The experiment results demonstrate different results to help understand the performance of the models (DL and ML) for the air pollutants prediction for the 5-day and 10-day time-steps. Common air pollutants considered are NOx, PM_2.5, PM₁₀, O₃, SO₂, NO and NO₂ with meteorological features. The results indicate that the proposed model demonstrated good performance using the MSE value for 5-day and 10-day time steps. For instance, in predicting SO₂ for the 10-day time-step, the performances are LSTM-GAM-xAI (0.782), LSTM (1.161), BiLSTM (1.355), BiGRU (1.485), 1DCNN (1.090), Random Forest (0.845), and XGBoost (1.003). Again, in predicting SO₂ for 5-day time-step generated the following LSTM-GAM-xAI (0.416), LSTM (0.607), BiLSTM (0.806), BiGRU (0.796), 1DCNN (0.621), Random Forest (0.427), and XGBoost (0.497). These findings suggest that in predicting the hourly concentration level of the air pollutants, the proposed model demonstrated good performance against the comparative models. Huang et al. (2025) combine GAM with eXtreme Gradient Boosting (XGBoost) to predict PM_2.5 concentration in Taiwan with SHAP explanation. Furthermore, He et al. (2023) estimated NO₂ concentration with GAM combined with XGBoost. Cheng et al. (2021) also applied GAM combined with gradient boosting machine (GBM) to determine the relationship between PM_2.5 concentration and environmental factors. In view of this empirical research, GAM has been applied to a machine learning model for air pollutant analysis. Our research also extends the context of research by using the GAM with LSTM and post-hoc explainable artificial intelligence model to provide more explanation on models such as DL and ML models, which are used to predict common air pollutants such as PM_2.5, PM₁₀, SO₂, O₃, NO, NOx, NO₂ using different time-steps.

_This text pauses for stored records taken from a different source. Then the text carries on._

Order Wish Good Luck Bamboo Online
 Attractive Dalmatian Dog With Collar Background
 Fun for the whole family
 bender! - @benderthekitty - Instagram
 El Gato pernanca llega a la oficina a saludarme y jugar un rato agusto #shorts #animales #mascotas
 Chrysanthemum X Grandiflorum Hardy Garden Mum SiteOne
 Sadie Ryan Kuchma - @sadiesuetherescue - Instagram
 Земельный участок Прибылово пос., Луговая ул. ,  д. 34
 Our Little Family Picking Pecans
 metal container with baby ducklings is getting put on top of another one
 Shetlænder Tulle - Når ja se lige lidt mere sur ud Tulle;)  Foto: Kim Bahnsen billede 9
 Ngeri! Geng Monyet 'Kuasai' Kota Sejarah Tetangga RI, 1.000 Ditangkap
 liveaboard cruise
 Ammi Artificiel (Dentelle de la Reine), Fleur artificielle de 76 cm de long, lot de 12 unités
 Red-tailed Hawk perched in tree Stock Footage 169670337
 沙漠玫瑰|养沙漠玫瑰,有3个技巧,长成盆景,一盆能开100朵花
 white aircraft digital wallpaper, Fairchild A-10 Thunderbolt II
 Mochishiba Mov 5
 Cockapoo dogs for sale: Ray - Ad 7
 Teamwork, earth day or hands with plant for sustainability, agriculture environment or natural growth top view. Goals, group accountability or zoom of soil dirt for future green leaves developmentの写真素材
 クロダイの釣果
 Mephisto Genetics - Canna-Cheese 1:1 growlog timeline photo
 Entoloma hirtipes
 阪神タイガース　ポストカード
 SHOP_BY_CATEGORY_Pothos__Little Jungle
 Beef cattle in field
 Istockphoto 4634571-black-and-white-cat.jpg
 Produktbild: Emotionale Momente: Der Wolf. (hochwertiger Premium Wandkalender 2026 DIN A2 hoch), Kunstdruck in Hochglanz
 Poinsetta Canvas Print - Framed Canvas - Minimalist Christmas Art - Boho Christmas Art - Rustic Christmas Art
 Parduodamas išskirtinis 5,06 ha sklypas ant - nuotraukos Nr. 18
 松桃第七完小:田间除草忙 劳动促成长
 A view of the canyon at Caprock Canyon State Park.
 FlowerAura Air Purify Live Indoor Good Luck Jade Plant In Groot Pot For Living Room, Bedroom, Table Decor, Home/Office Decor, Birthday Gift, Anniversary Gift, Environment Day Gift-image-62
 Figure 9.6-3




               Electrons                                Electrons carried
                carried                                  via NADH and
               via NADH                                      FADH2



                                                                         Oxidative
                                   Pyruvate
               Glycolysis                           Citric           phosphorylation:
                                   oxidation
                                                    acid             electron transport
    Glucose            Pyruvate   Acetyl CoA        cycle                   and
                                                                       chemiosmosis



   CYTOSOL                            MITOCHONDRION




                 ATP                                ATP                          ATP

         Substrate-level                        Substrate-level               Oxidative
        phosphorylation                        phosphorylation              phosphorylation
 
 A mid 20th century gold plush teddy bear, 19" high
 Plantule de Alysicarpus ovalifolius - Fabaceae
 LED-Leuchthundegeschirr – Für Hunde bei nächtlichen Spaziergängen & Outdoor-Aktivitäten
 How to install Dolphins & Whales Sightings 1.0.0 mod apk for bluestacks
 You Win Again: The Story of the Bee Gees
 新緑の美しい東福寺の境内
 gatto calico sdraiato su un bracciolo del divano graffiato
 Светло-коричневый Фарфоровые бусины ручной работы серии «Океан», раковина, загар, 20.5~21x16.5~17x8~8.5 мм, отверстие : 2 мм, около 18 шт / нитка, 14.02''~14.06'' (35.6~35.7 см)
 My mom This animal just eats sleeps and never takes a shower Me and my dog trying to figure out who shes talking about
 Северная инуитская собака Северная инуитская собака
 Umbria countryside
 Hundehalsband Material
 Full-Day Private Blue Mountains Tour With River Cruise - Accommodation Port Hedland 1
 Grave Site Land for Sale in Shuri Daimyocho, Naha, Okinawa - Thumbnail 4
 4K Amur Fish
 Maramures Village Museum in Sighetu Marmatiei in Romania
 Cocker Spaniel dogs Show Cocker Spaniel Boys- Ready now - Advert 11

LIME explanation for SO₂ concentration prediction with a 5-day time-step generated “NO₂ ≤ 3.84” with importance value −0.10027, “NO_x ≤ 4.29” with importance value −0.08764, “RH ≤ 38.48” with importance value −0.05968, etc. (Table 7). Whereas, GAM produced NO₂ with a coefficient (0.0170) followed by NO (0.0002), NOx (0.0133), CO (−0.0925), O₃ (0.0015), etc. (Table 4). It can be observed that the explanation from GAM and LIME placed NO₂ on top of the list of contributing factors in the prediction of SO₂ concentration. These results suggest that on one hand, using LIME, NO₂ contributed −0.10027 to SO₂ prediction. On the other hand, with GAM explanations, NO₂ contributed 0.0170 to the SO₂ prediction. These results indicate that NO₂ pushed up the SO₂ prediction by approximately 0.02 in GAM, while NO₂ reduced the SO₂ prediction by approximately 0.10 in LIME explanation.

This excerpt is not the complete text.